*it is totally acceptable to be humming Dolly Parton whilst reading this post, in fact I encourage it!*
Up until two weeks ago my work life revolved around just two bar shifts a week. The whole lack of money situation REALLY sucked but the best thing about it was that, other then a few weekly chores, I had so much time to do whatever I wanted aka. Reading!
It wasn’t even that I spent all day every day reading books, but I had that freedom to be able to pick up a book if I felt the urge. My reading style is a little bit strange, because I am one of those people who will read an entire book in one sitting, so knowing I had an entire day free, or that I didn’t have to get up early for anything the next day meant that I could read whenever I wanted.
But now that has all changed.
Don’t get me wrong, I am super happy that I finally have a full time job, and I know how lucky I am that I only had to struggle without one for just a year and that there are tons of people out there who are still struggling. So don’t get me wrong I’m happy, but it hasn’t half ruined reading time for me!
Instead of my lovely chilled out days I know spend my time attempting to act the professional whilst really having no idea what I am doing. I have spent the majority of my first two weeks typing up important looking documents, but I still have no idea what they are for!

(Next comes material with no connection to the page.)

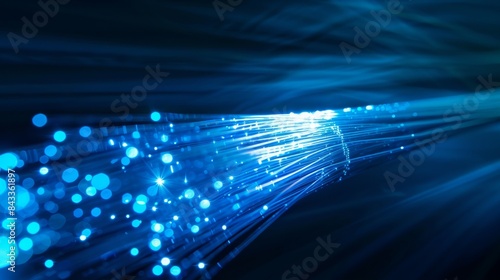 Abstract image of fiber optics cable transmitting data at high speed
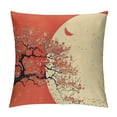 thumbnail image 1 of Nawypu  Spring Throw Pillow Cushion Cover, Cherry Blossom Sakura Tree Branches on Moon Japanese Style Illustration, Decorative Square Accent Pillow Case,Yellow Coral, 1 of 5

By the time I get home my head is so mushed up with all the stuff I have been doing all day that I have no motivation to do anything, even reading. Instead I have been doing a lot of sleeping!
I have read two books over these past two weeks and it makes me really sad to say that one of them took me 8 days. EIGHT DAYS?!!! For you that might be a short amount of time, but for me it is unheard of!

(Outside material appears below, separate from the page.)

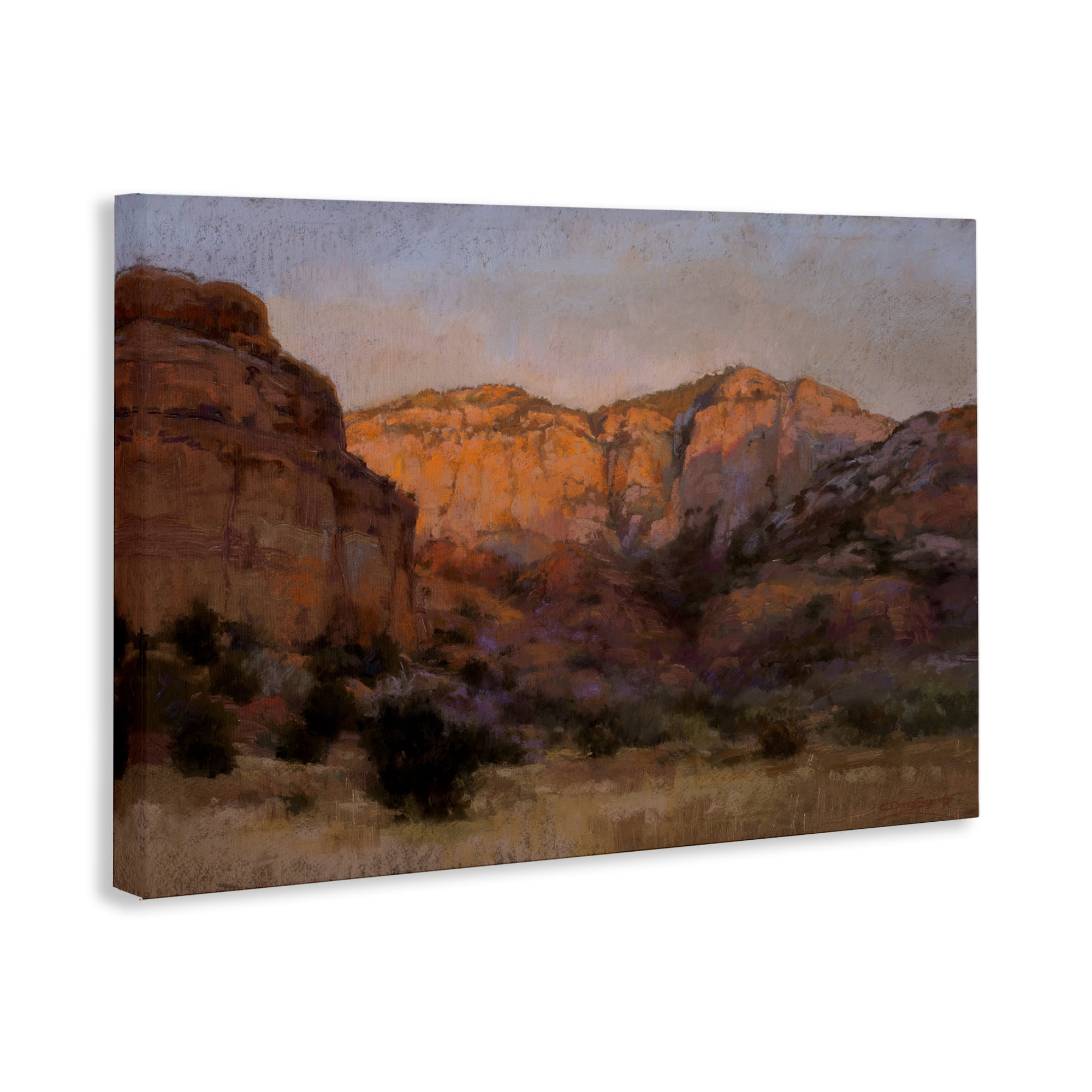 Stupell Industries Canyon Cliffs Landscape Landscape & Nature Painting Wrapped Canvas Art Print Wall Art, 36 x 24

I need and want to get back into my reading, but I am really struggling at the moment. I miss books so much that at one point I was actually considering taking an entire day off work just so I could read!
My mum suggested that I schedule “reading time” but that just sounds dumb, it would be like I am forcing myself to read at a certain time and I hate that idea. So instead I thought I would ask the most qualified person… you!